Cockrell’s signing will also mark the beginning of his second stint in a Giants uniform. Cockrell was traded to New York from the Pittsburgh Steelers at the start of the 2017 NFL regular season. The Duke alumn went on to appear in all 16 games with the Giants that season, making nine starts and recording three interceptions and 11 passes defended.
What to Expect from Cockrell
Cockrell offers versatility from both the slot and boundary corner position. At 6-feet tall and 190-pounds, he comes in as one of the bigger cornerbacks on the roster and will likely compete for an outside gig, as there is already a slew of nickelbacks on the current roster.

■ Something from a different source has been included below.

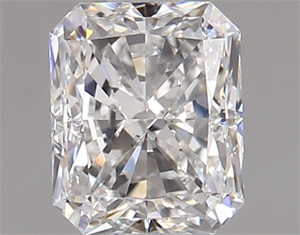 Picture of Natural Diamond 1.01 Carats, Radiant with  Cut, H Color, VS2 Clarity and Certified by GIA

With that said, the addition of Cockrell will likely not halt the Giants from continuing to sniff around the cornerback market moving forward.
While his 2019 production looks solid on paper, racking up 62 total tackles, two interceptions and eight passes defended, the advance metrics show Cockrell struggled mightily at times a season ago. The ex-Panthers defensive back finished with a fairly abysmal Pro Football Focus grade of just 57.5 last year. This is likely a major reason for him remaining on the open market as we embark on the second week of August.
Yet, Cockrell’s drop in play could be attributed to a broken left tibia that he suffered in training camp the year prior, which led to his placement on injured reserve.
The Giants will be looking for Cockrell to tap into his pre-injury form in his return to New York, as the corner had averaged a solid 72.2 PFF grade over a three-year span prior to the broken tibia, including a 71.1 grade during his one-year stint in New York back in 2017.
The Giants are down two of their top three corners and we’re still a month away from the regular season. Cockrell may not be the be-all end-all answer to Big Blue’s concerns in their secondary. However, at this point, New York is simply looking for viable options on the backend of their defense and Cockrell is just that.